One thing that was always either overlooked or spiritualized was any talk of the Kingdom of God. Jesus claimed to be bringing this Kingdom to earth. Why did I never hear any preacher, pastor, or Sunday school teacher speak about a literal kingdom on earth? According to most people that spoke behind a pulpit, America was the country that God has blessed and will continue to do so as long as we continue to be a Christian nation. There are many things in that statement which could probably be contested, but I will refrain from doing so out of fear of getting more off track than I might be already. I believe, that as Christians, who are born again, we are born again with new citizenship to this kingdom of God. This kingdom is a literal kingdom as well. It is not some metaphorical kingdom which is superseded on this earth by worldly powers and governments. It is a kingdom that knows no borders and is subverting the powers through such things as submission, peace, justice, grace, forgiveness, and most of all love. One day, this kingdom will come in its fullness and then at that point the world will see just how real it was, it is, and will be.
As you can see, my political views would possibly interfere with military service. One other thing that would get in the way would be the teachings of Jesus. I continually questioned how I could serve in the military, even as a chaplain, without getting in trouble for teaching the things that Jesus taught. Did he not say that we should love our enemies, forgive those that do wrong to us, and to turn the other cheek? The ways of the world, which would include the United States military would say that these things would never work. It actually would go against what the military trains its people to do.

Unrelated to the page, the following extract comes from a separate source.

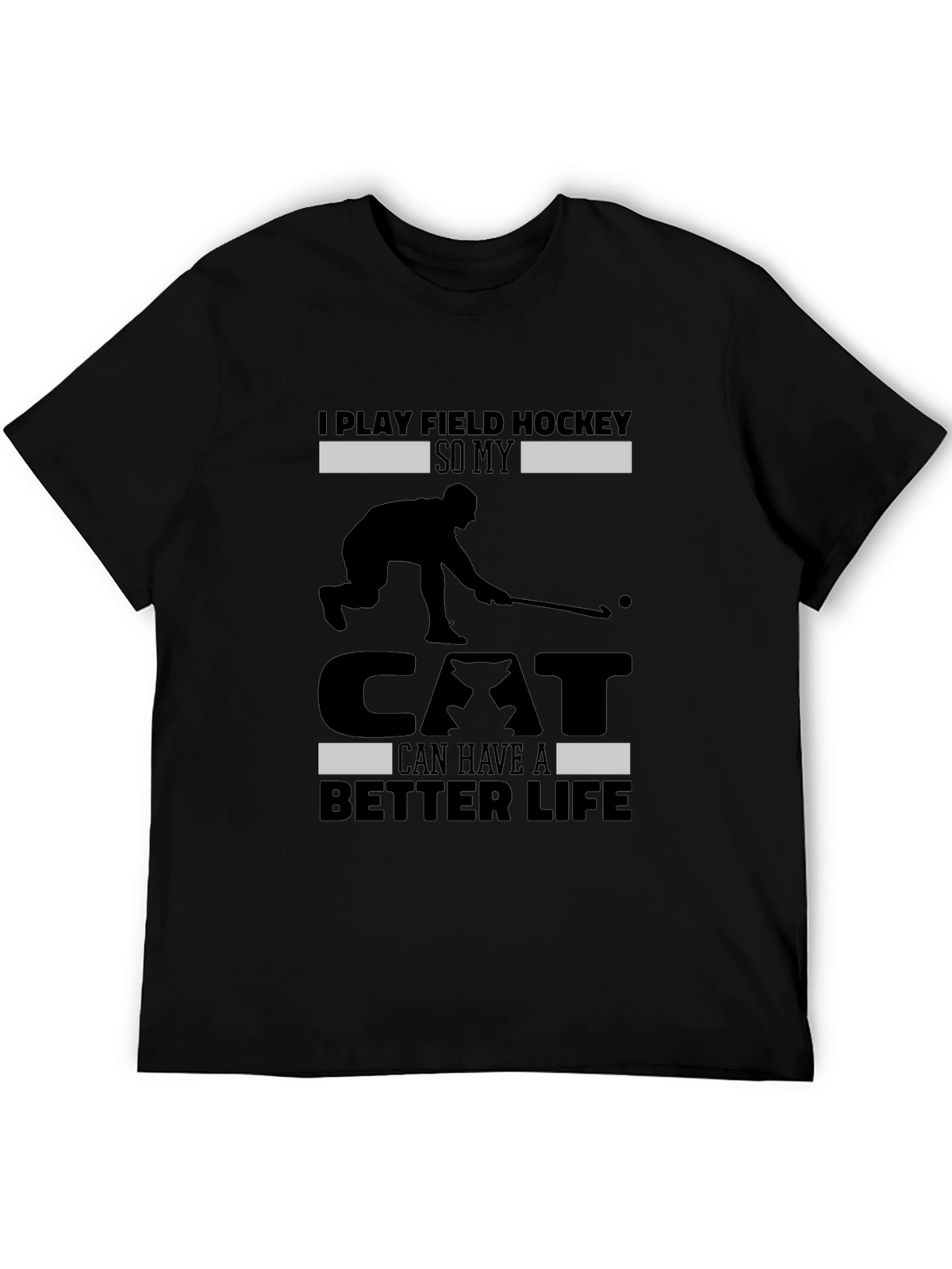 Funny Field Hockey Cat Lover T-Shirt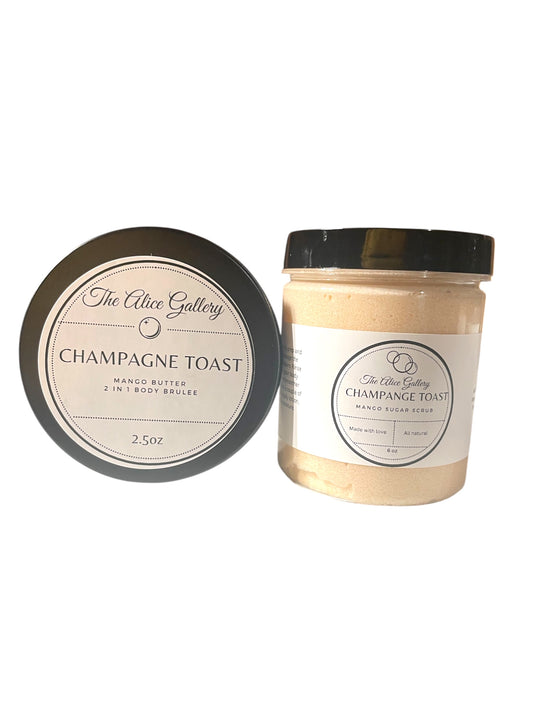 The Alice Gallery Mango butter Sugar Scrub & 2 in 1 Body butter Brûlée lotion Set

As Christians, I say that instead of doing warfare like the rest of the world; with guns, missiles, bombs, or anything that is designed to kill people more efficiently, we should do warfare with love, forgiveness, and worship. This then brings me back to where we started, with why the ballistic missiles saddened me. For many Christians, it would seem that they are very supportive of the military and what it does. Now, don’t get me wrong, the military does some amazing things, at times. They do help out with humanitarian efforts which I see as a great thing. But the main purpose of the military is not to help out with things like that, unfortunately. That is part of what makes me so sad. The Church would at times, rather retaliate against any form of attack than forgive and act out in love. Also, not many Christians would stand up against the choice of the government to use its powers to take the lives of other humans. Before I begin to get preachy, I would like to bring this post to an end. I am not sure if I had a clear purpose when I began writing, and if I did it has faded as more words were written. Maybe this was written just for me, to put my thoughts out there. Or it may have been done to get you, the reader, to make changes in your way of thinking and in your lives. I don’t know. All I know is that I desire to make a difference in this world and do it through love and forgiveness rather than force and maliciousness.